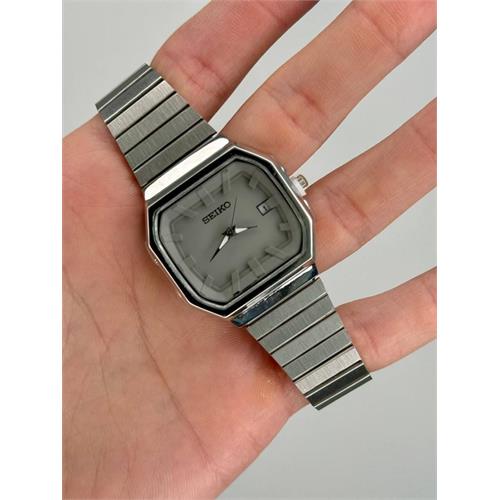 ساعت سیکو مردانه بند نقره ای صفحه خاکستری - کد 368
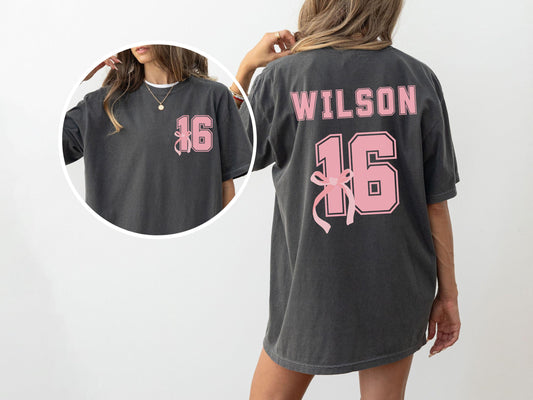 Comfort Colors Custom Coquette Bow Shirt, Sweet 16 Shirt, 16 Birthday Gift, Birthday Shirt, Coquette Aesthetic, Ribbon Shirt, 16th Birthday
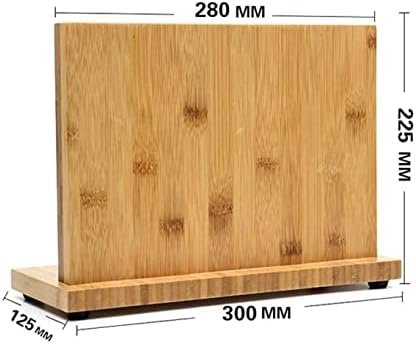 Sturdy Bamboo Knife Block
...
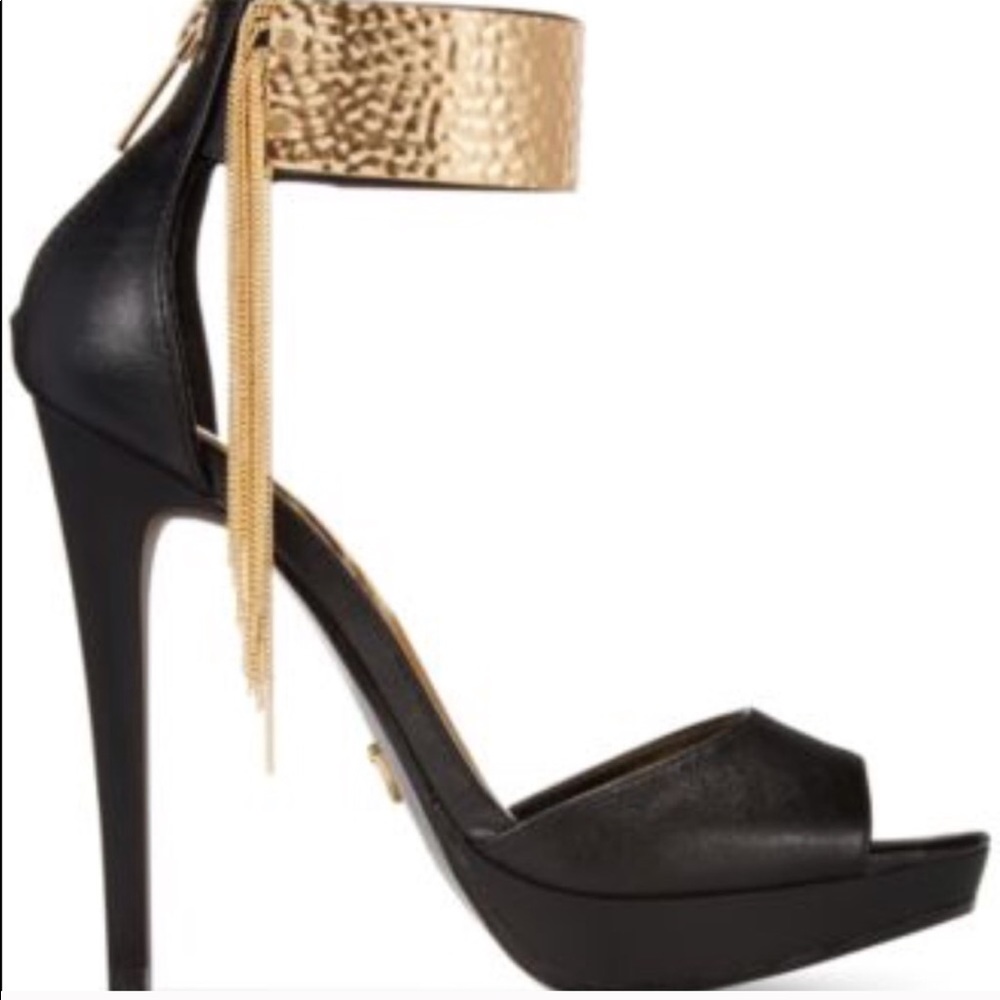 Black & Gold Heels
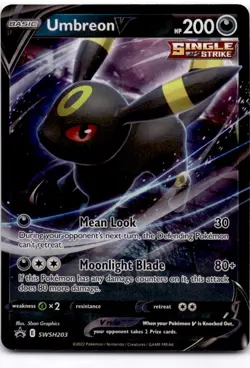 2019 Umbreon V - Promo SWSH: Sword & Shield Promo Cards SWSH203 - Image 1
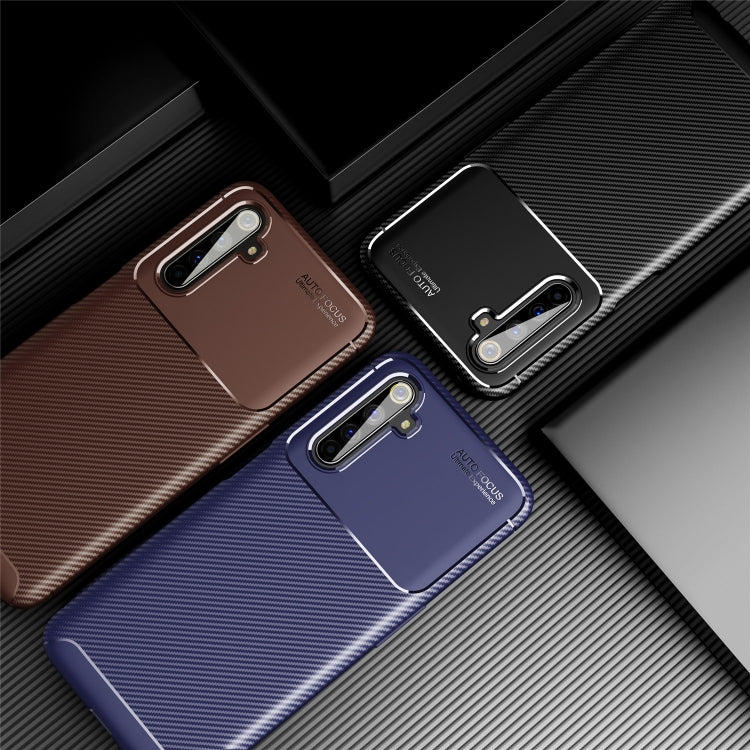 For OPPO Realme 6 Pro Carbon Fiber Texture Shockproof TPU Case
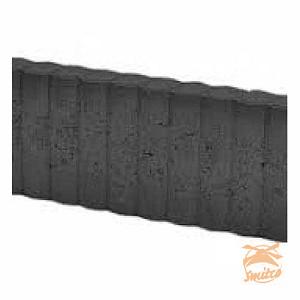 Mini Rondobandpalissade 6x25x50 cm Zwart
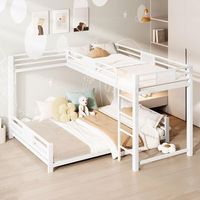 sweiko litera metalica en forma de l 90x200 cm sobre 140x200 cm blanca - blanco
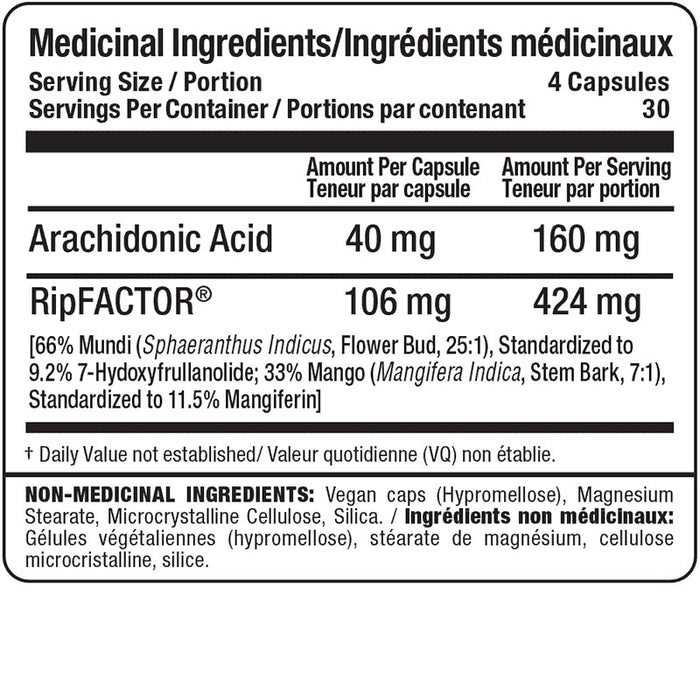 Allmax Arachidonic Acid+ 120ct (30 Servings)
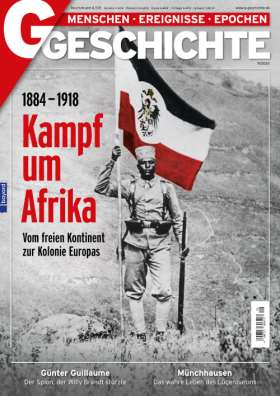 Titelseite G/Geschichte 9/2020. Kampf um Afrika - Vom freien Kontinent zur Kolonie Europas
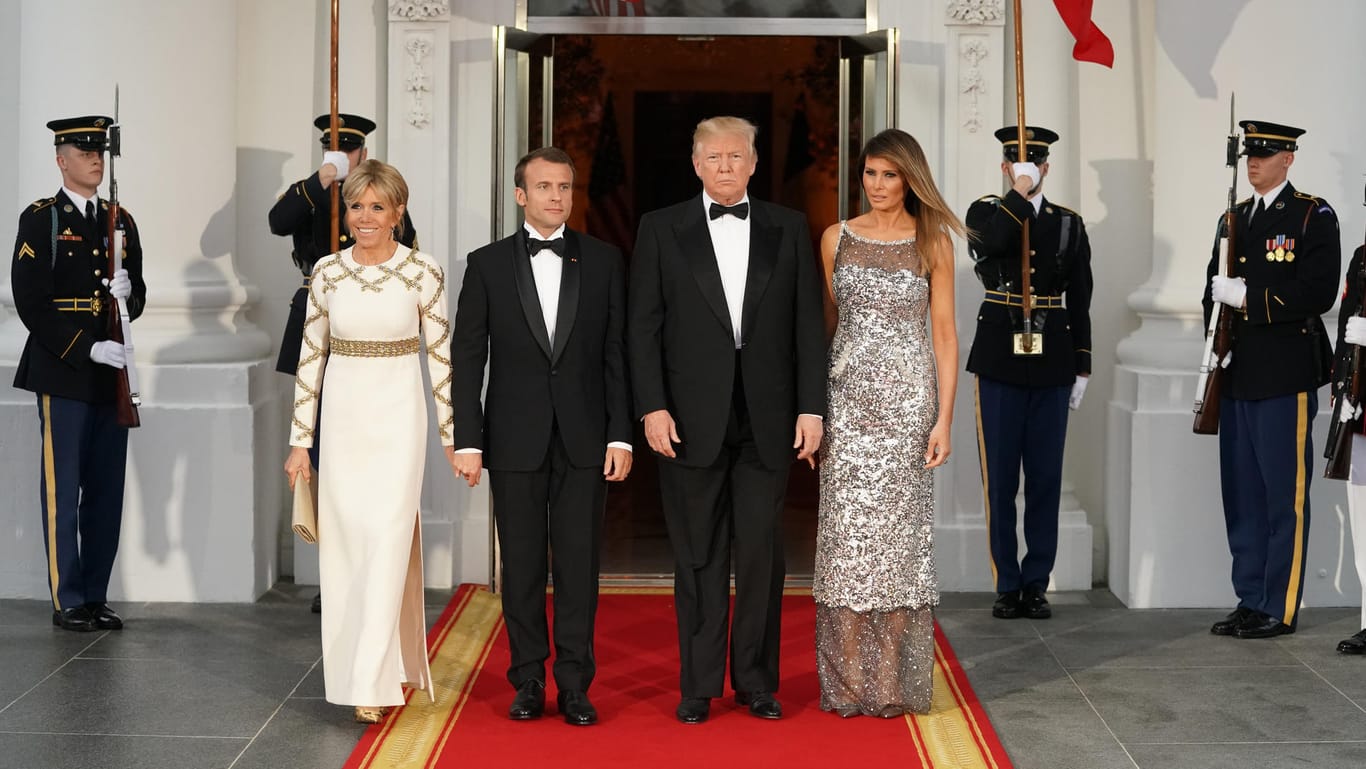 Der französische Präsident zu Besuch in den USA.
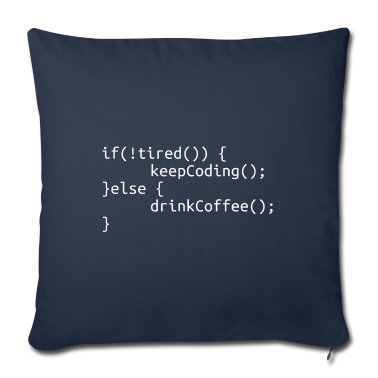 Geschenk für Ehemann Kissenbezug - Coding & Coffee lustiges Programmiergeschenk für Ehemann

### YOUR ASSIGNMENT
To complete this exercise, transcribe exactly the lines above from the one that holds "Der französische Präsident" through the one that holds "Geschenk für Ehemann Kissenbezug". Pictures stay out.

### SOLUTION TO THE PROBLEM
 Der französische Präsident zu Besuch in den USA.
 Geschenk für Ehemann Kissenbezug - Coding & Coffee lustiges Programmiergeschenk für Ehemann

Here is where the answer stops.